Your task = Include the line containing "Foundry Local is" and all lines before it, repeated exactly from the listing below, without pictures.

Entries supplied =
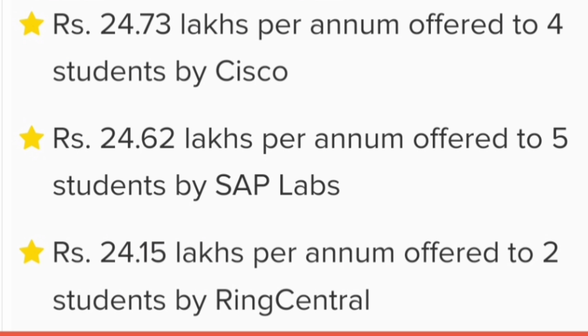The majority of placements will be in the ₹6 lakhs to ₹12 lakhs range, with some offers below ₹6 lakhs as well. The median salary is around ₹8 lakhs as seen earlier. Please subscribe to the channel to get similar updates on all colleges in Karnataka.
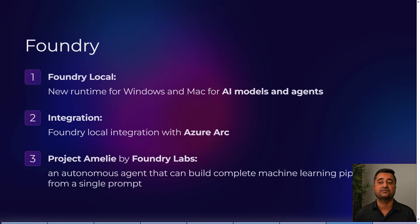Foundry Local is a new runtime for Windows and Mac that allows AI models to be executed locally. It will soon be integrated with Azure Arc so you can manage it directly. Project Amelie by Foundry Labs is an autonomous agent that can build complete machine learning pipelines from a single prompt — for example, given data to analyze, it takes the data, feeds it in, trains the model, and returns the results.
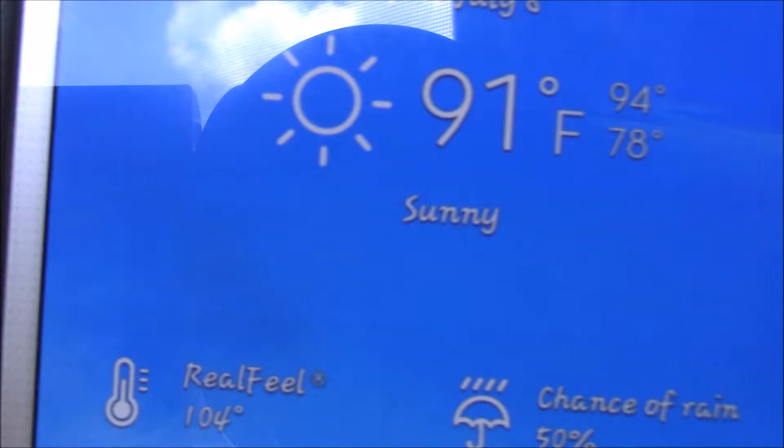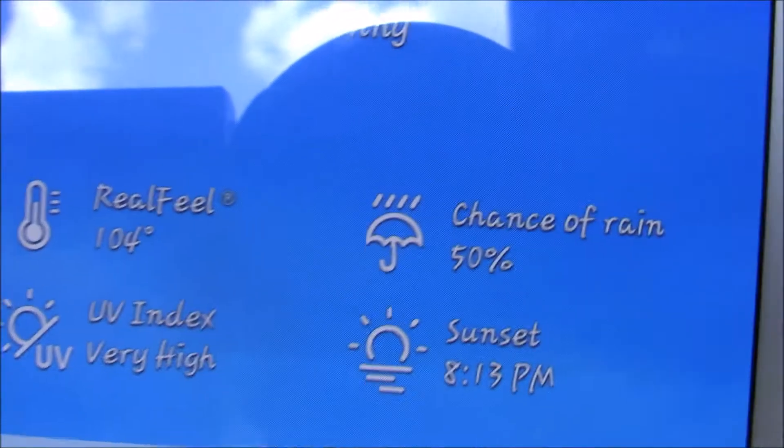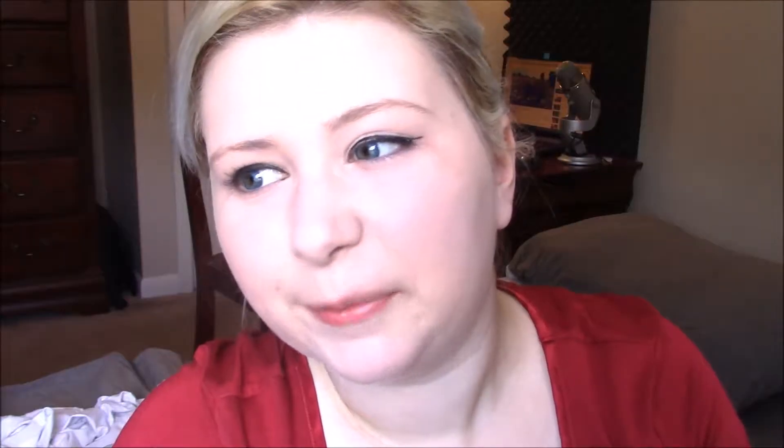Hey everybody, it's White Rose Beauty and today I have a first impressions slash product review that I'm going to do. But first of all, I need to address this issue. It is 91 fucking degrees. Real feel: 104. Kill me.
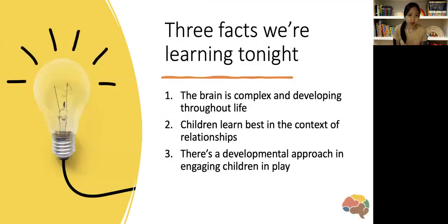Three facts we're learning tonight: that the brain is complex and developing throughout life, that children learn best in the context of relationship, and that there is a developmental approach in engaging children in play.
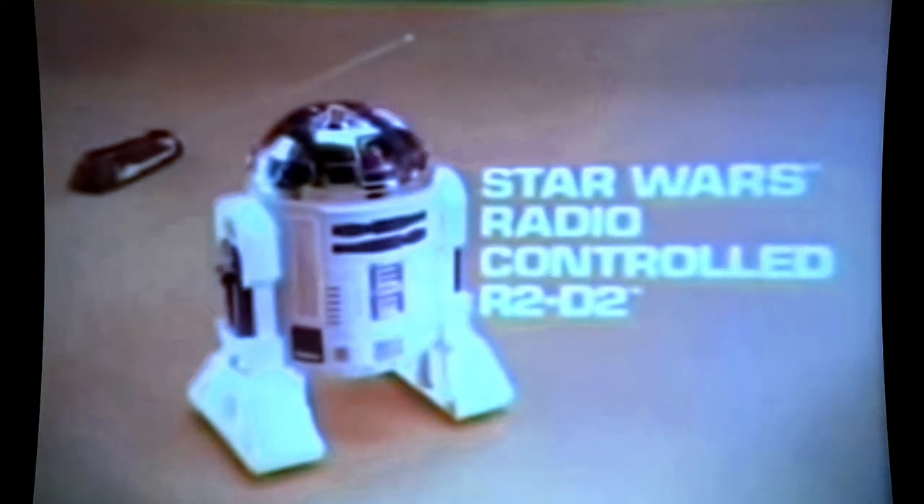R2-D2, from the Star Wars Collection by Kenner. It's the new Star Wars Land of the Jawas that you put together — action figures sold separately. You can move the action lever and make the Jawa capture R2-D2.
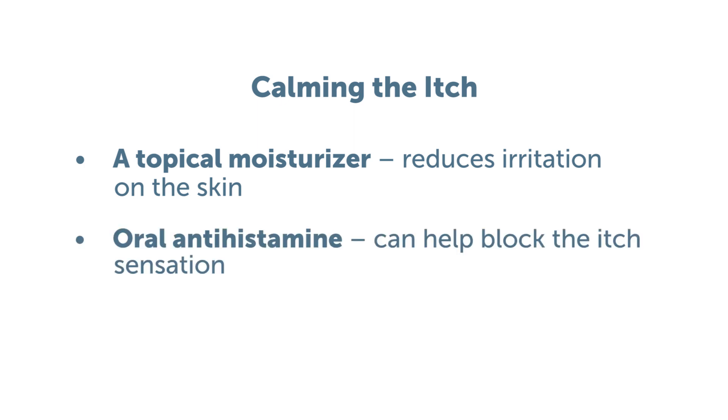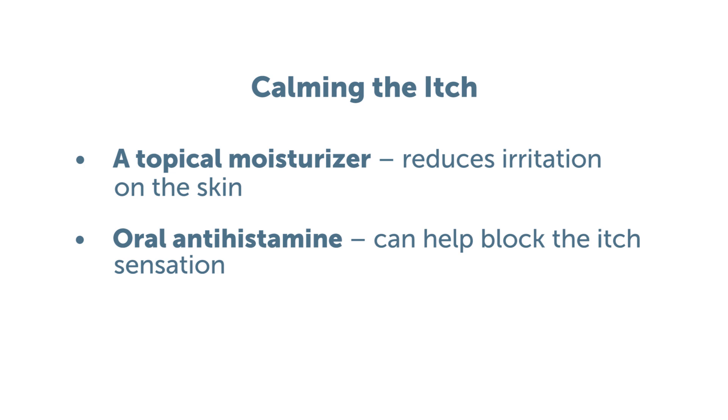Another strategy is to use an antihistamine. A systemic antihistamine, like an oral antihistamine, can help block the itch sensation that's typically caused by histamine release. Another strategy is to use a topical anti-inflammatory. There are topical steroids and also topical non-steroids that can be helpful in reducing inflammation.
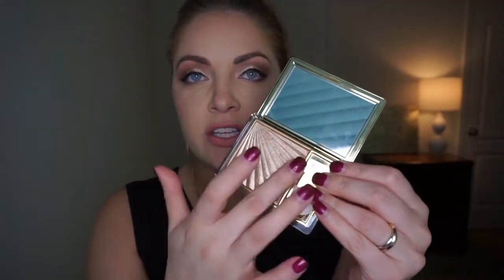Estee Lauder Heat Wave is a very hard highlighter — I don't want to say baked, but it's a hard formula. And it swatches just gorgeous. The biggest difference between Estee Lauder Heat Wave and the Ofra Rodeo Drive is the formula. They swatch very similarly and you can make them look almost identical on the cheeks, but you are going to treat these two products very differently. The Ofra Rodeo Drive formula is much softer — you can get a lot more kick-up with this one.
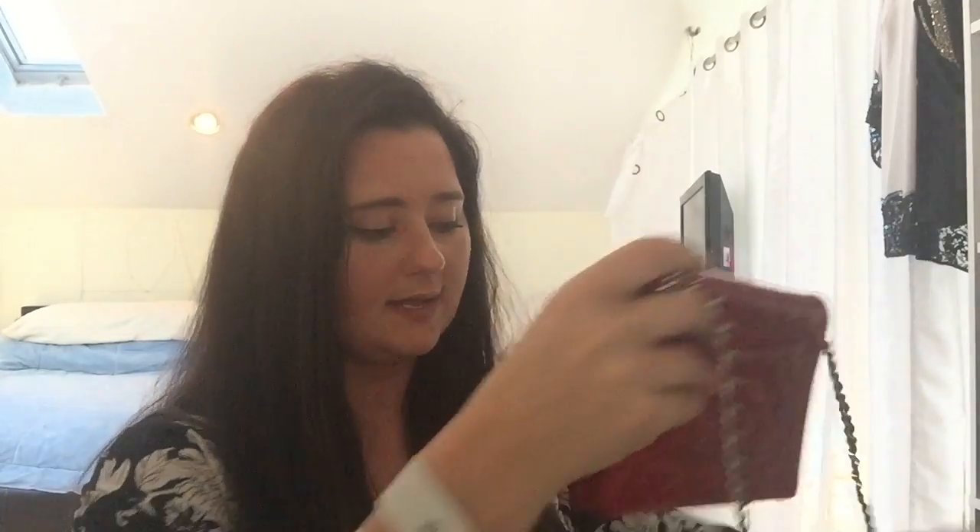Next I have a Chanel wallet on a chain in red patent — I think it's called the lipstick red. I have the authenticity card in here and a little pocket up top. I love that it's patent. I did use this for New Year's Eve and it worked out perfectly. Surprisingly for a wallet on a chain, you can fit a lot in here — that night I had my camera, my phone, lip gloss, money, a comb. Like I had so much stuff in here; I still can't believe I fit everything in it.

Expected answer =
The majority of placements will be in the ₹6 lakhs to ₹12 lakhs range, with some offers below ₹6 lakhs as well. The median salary is around ₹8 lakhs as seen earlier. Please subscribe to the channel to get similar updates on all colleges in Karnataka.
Foundry Local is a new runtime for Windows and Mac that allows AI models to be executed locally. It will soon be integrated with Azure Arc so you can manage it directly. Project Amelie by Foundry Labs is an autonomous agent that can build complete machine learning pipelines from a single prompt — for example, given data to analyze, it takes the data, feeds it in, trains the model, and returns the results.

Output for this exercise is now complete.